Chamisso.

I ran across a reference to Adelbert von Chamisso [ˈaːdl̩bɛʁt fɔn ʃaˈmɪso] (who came up here in the context of “translingualism” in 2021) and suddenly wondered what kind of name Chamisso was. A little trawling produced this footnote from the Transactions of the English Goethe Society VII (1891-92), p. 109:

* Einem alten Hause entsprossen. Chamisso’s words. Works (2nd edition in 6 volumes), Vol. I., S. 5. This edition will be used for all subsequent quotations. The name Chamissot occurs ᴀ.ᴅ. 1305. Other forms are found : Chamizzot, Chemizzot, Chamisso, perhaps also Chamesson. In Oporto there is living a Senhor Chamiço.

I don’t know whether anyone has traced it farther back, but I love that final line “In Oporto there is living a Senhor Chamiço.” I wonder what his story was?

Comments

  1. David Eddyshaw says

    I see that the English WP believes that “belles lettres” means “beautiful letters.”

    I wonder how they came up with that? It doesn’t seem to be based on the French or German versions.

  2. J.W. Brewer says

    I’m guessing the Comte de Chamisso (+1874) whose grave is Frenchly documented here may have been Adelbert’s nephew? https://www.appl-lachaise.net/chamisso-louis-auguste-adolphe-comte-de-x-1874/

  3. Surely you recall Brouillon’s article, “Les origines d’Adelbert de Chamisso”, in the Travaux de l’Académie nationale de Reims, 127:287–371 (1910)?

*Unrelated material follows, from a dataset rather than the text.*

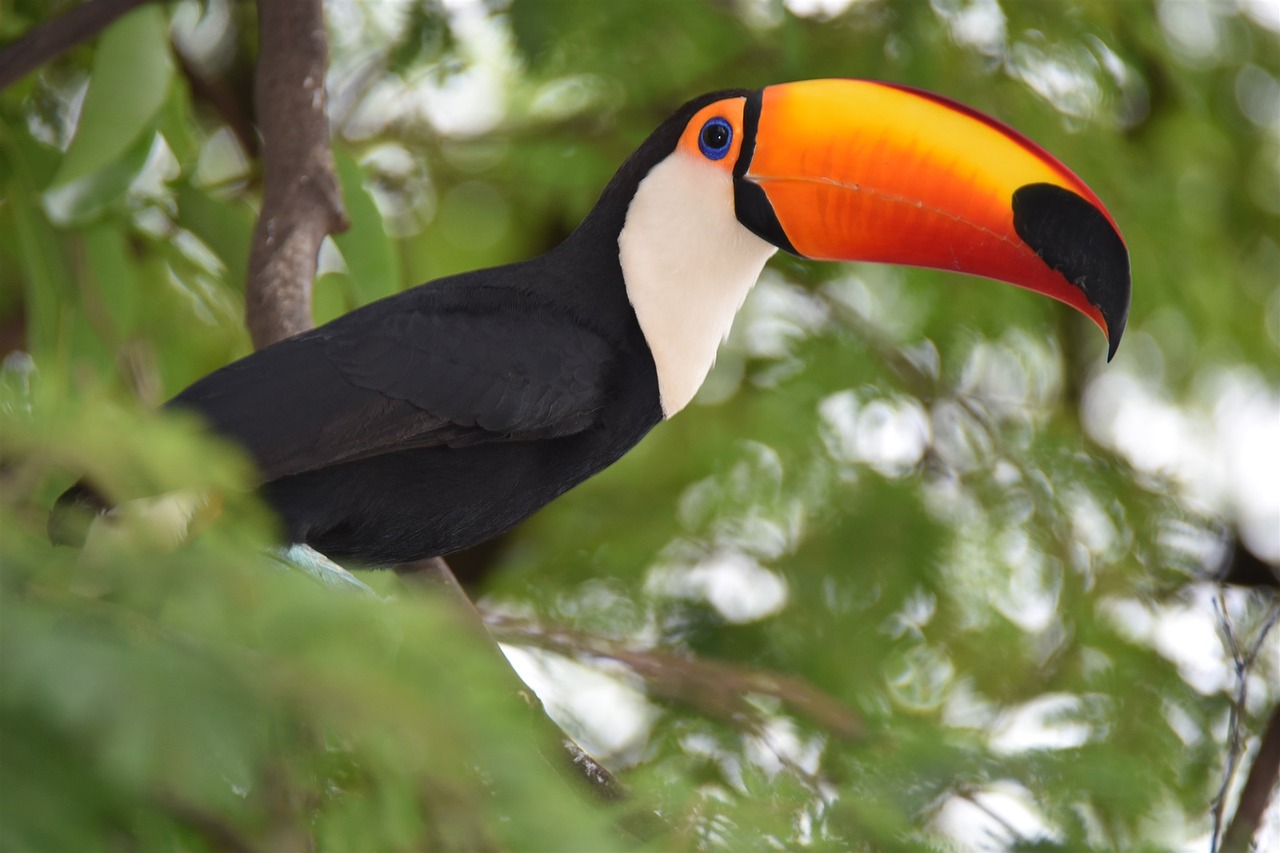 Image - tucano nature bird zoo fauna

As it says, the family came from Italy, and the name Chamissot may derive from camiciotto ‘blouse’.

  4. I had somehow missed that, so thanks, that sounds plausible!

  5. David Eddyshaw says

    Bert Shirt.

  6. cuchuflete says

    Raul Brandão was a Portuguese writer, 1867-1930. He wrote a short theatrical piece, O Gebo e a Sombra, in which a character is named Chamiço. The character is a musician. Gebo is another character. The name translates as zebu, an oxlike ruminant.

    Gebo
    nome masculino
    2. [Depreciativo] Indivíduo que se veste mal, sem elegância, e cujo aspecto é ordinário.
    3. [Zoologia] Mamífero ruminante da Ásia e de África, parecido com o boi, que tem no cachaço uma giba. = ZEBU

    masculine name
    2 [Deprecating] A person who dresses badly, without elegance, and whose appearance is vulgar.
    3 [Zoology] A ruminant mammal from Asia and Africa, similar to the ox, which has a hump on its neck. = ZEBU

    Chamiço doesn’t appear in any of the Portuguese dictionaries on my shelves or in the interwebs.

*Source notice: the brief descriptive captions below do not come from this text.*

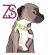 Pet Supplies in LINCOLN - Zukie Style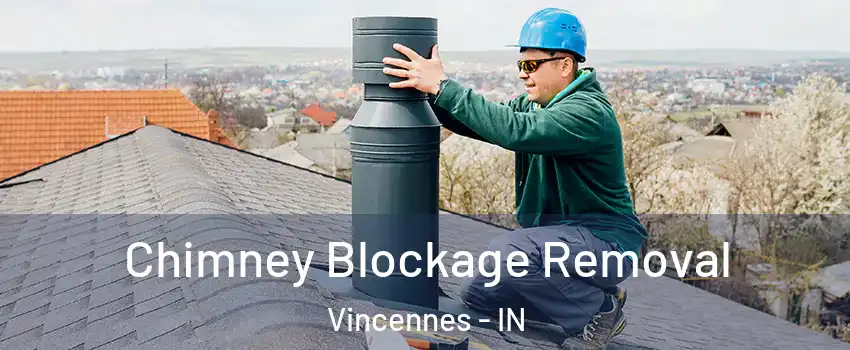 Chimney Blockage Removal Vincennes - IN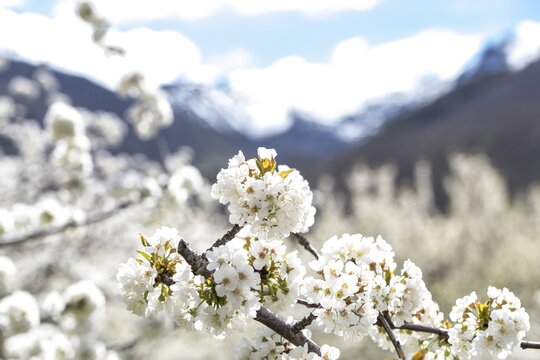 Cherry tree in blossom, Sierra de Gredos mountain range in the background, cherry blossom, Valle del Jerte, Tornavacas, Extremadura, Spain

  7. Senhor Chamiço of Oporto may have been in the port trade. You can still buy a bottle of F. Chamisso Filho et Silva 11815(!) Vintage Port, just $895.

  8. Marked down from $5,430.00!

  9. PlasticPaddy says

    @cuchuflete
    https://dicionario.priberam.org/chami%C3%A7o
    I go for porco magro. If you don’t like that, there is the placename in Alentejo.

  10. cuchuflete says

    @PlasticPaddy
    Porco magro sounds about right. Especially if one likes oxymorons.

    Muito ‘brigado.

    From the same page-

    Origem etimológica:chama + -iço.

    “chamiço”, in Dicionário Priberam da Língua Portuguesa [em linha], 2008-2024, https://dicionario.priberam.org/chami%C3%A7o.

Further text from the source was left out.